• _What is being asked_: From the first line to the last, set down the material exactly and drop every picture.

• _Given material_:
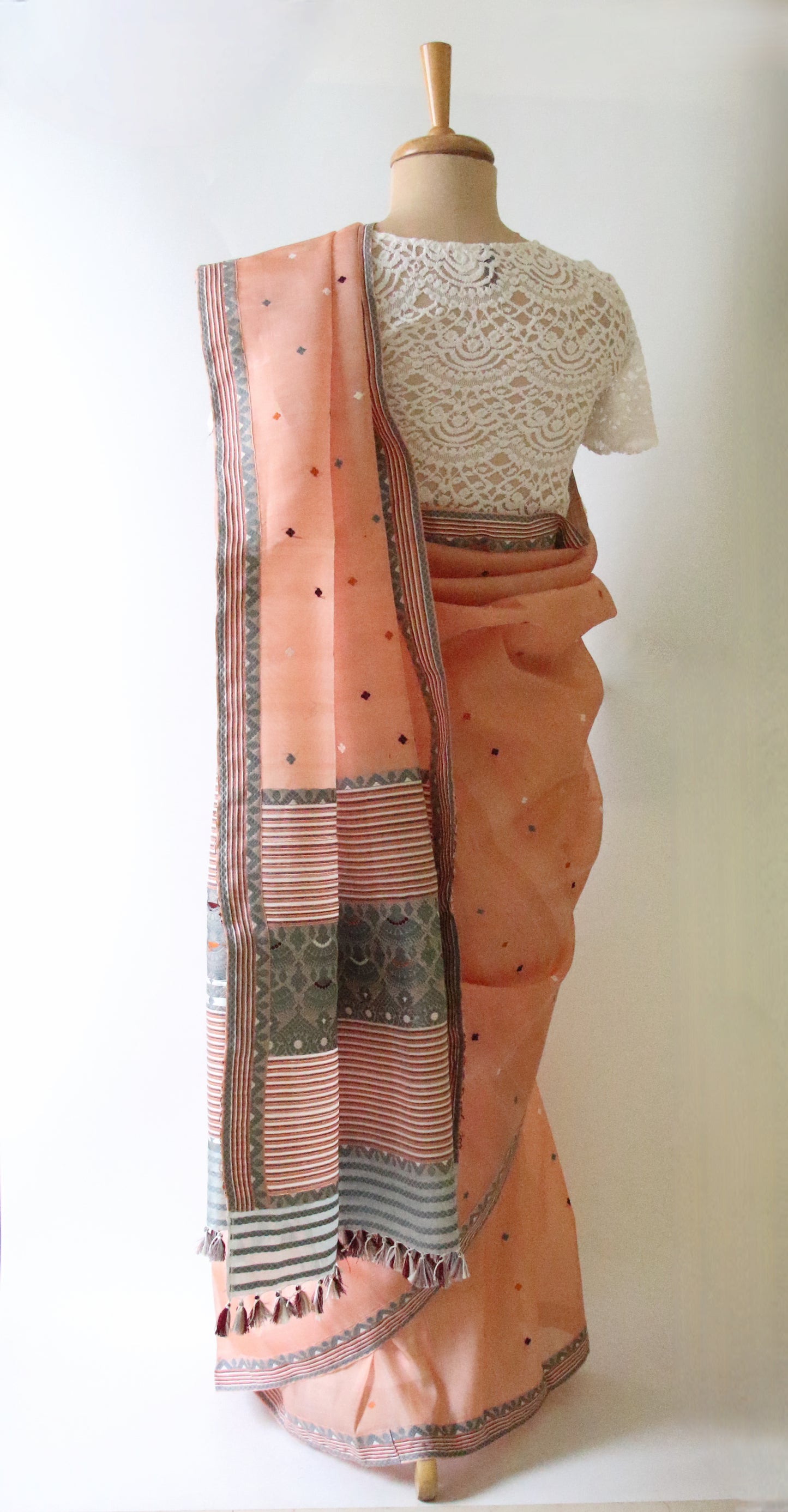 Soft Peach  Handloom Mulberry Silk / Organza  Saree  from Assam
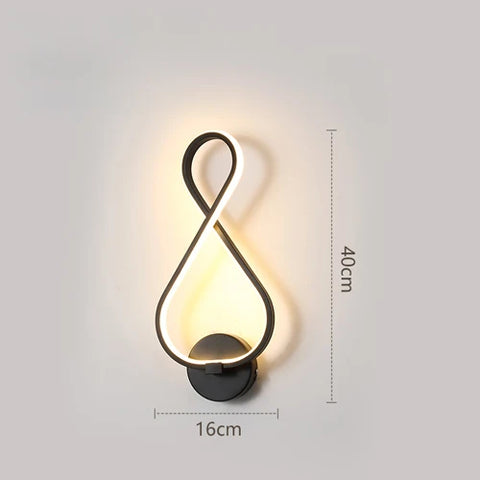 LED Wall Light: Modern Black/White Lamps for Living Room & Bedroom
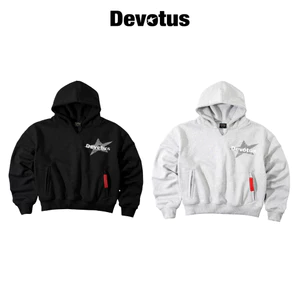 HOODIE tròng đầu DEVOTUS NỈ TWILL 450GSM cổ chữ V LOCAL BRAND UNISEX - ASHEN HOODIE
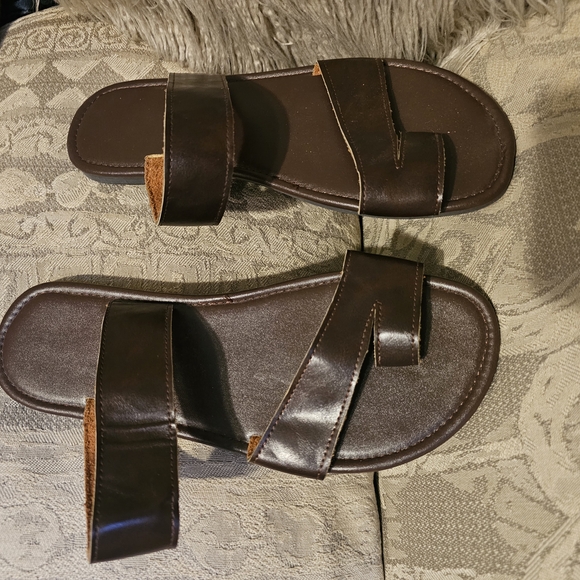 Zip Front Men's Brown Leather Anti-Slip Outdoor Sandals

• _Your solution_:
 Soft Peach  Handloom Mulberry Silk / Organza  Saree  from Assam
 LED Wall Light: Modern Black/White Lamps for Living Room & Bedroom
 HOODIE tròng đầu DEVOTUS NỈ TWILL 450GSM cổ chữ V LOCAL BRAND UNISEX - ASHEN HOODIE
 Zip Front Men's Brown Leather Anti-Slip Outdoor Sandals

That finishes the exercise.